Corporate Fixed Deposits: Things to know before investing

Company deposits or popularly known as Corporate FDs are the debt instruments offered by companies to public. These deposits are similar to bank fixed deposits but usually carry higher than bank's average fixed deposit rates and thus attract lot of investors. But it should be remembered that just assurance of a fixed return doesen't make company FDs risk free.
If the company is financially weak, they may not even be able to pay interest, at times, even the principal amount. In the 1990s, many investors lost their hard-earned savings because they were lured by high returns and didn't try to understand how the company would generate the money to repay the deposits.

So what is the risk of default?
The corporate deposits are typically unsecured, which means that you cannot lay your hands on the assets of the company if it lands in financial trouble and is liquidated. In that event, your turn to receive your money will come only after the secure lenders of the company are repaid. In a bank deposit, your money is deployed more diligently as banks are regulated by the RBI. Banks use your money to lend customers after assessing their creditworthiness. Companies, on the other hand, use the money for their own projects or sometimes for their working capital. The risk profile of such projects can be high. The banking system also generates enough liquidity to repay your deposit if you want to withdraw it before it matures.

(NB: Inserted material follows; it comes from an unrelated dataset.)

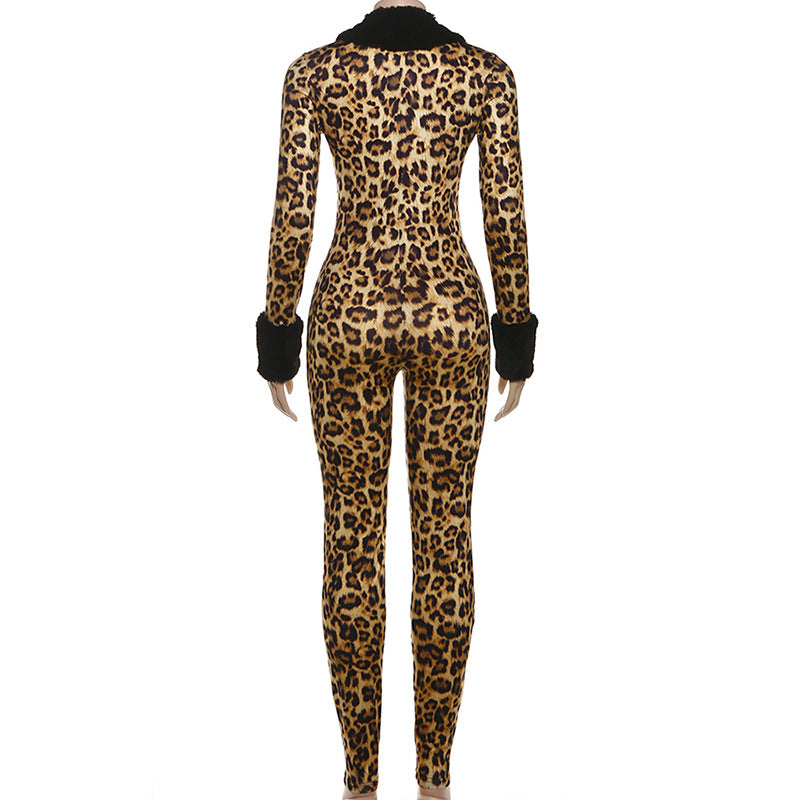 Leopard Print Jumpsuit with Faux Fur Details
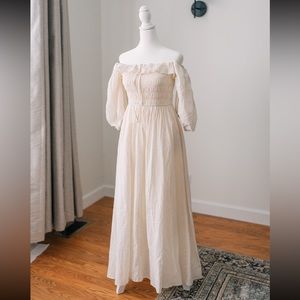 Women Summer Half Sleeve Cotton Ruffled Vintage  A Line Flowy Long Dress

So how to select which company deposit scheme to choose?

Check following points before investing in any corporate deposit.

Credit rating: Start by looking at the credit rating of the deposit that you are examining. The RBI requires non-banking finance companies such as HDFC and Dewan Housing Finance to get their deposit instruments rated. This will be prominently displayed in the application form. HDFC, for instance, has a triple A (displayed as AAA) rating from Crisil, the highest rating awarded for an investment-grade instrument. Ansal Properties & Infrastructure, on the other hand, has a Fitch Rating of B- (for long-term debt), which denotes speculative grade and low margin of safety.

Look for a triple-A rated company and do not settle for anything less than a double-A rating. This process will automatically weed out companies with high financial and business risks.
Non-finance companies are not regulated by the RBI. Many of them, while getting a rating on their long-term or short term instruments, do not specifically get their fixed deposit rated. Also, the credit rating is often not available to a prospective depositor. The deposit of Jaiprakash Associates is one such example. You have two ways to overcome this limitation. If the company is a prominent one, an Internet search of its rating should throw you results. Crisil, ICRA, Fitch and CARE are agencies that do most of the ratings. You can look in their websites as well. If not, take a closer look at the company's financials that will be disclosed in the application form.

Company Financials: For non-finance companies, look at the balance sheet for debt — secured and unsecured loans. If this sum is over twice the net worth (share capital plus reserves and surplus) you may have reason to be cautious. One other additional check, if you have access to the company's profit and loss account, is to verify the annual interest costs. See if the profit before interest and taxes covers the interest costs by at least two times. The lower the coverage, the more strapped the company is, in servicing your interest.

High rates: If the deposit offers 1.5-2-percentage points more than a top-rated company, verify the nature of the company's business and whether it is a profit-making entity. Jaiprakash Associates' deposits carry 2.5 percentage points higher interest than HDFC's Platinum deposit. Remember, higher returns come at the cost of assuming higher risks.

Listed entities: Prefer listed entities to unlisted ones, unless the latter are government-backed, such as Hudco. Listed entities file a good part of their business and financial information with the exchanges. This makes access to information easy. While you can explore unlisted but public companies, such as Sundaram BNP Paribas Home Finance, avoid partnership or private limited companies. These are less regulated and disclose little information.

Check history: You can also consider inspecting if the company has high number of complaints or defaults in the past. In general, it is best to refrain from little-known names even if your agent recommends it. Remember the agents are paid a hefty commission to promote these FDs.

When you investigate the company's history, always check with your agent and other depositors on how promptly the company provides the FD receipt or pays the interest.

Many companies now take anywhere between 45 and 60 days to issue a receipt if you are not in the same city as the company's processing division. Such delay speaks of poor service.

Fine print: Always read the fine print in the application form. Much of the terms and conditions relating to issues such as premature withdrawal are buried in the second page of the application form. If you are renewing the deposit, look for any change in the terms from the time you deposited.

Once you have zeroed in on you investment, remember to avoid locking into corporate FDs for more than three years. A company's future is tough to predict beyond this, and any deterioration in business or financials normally start hurting a company over a 2- to 3-year period.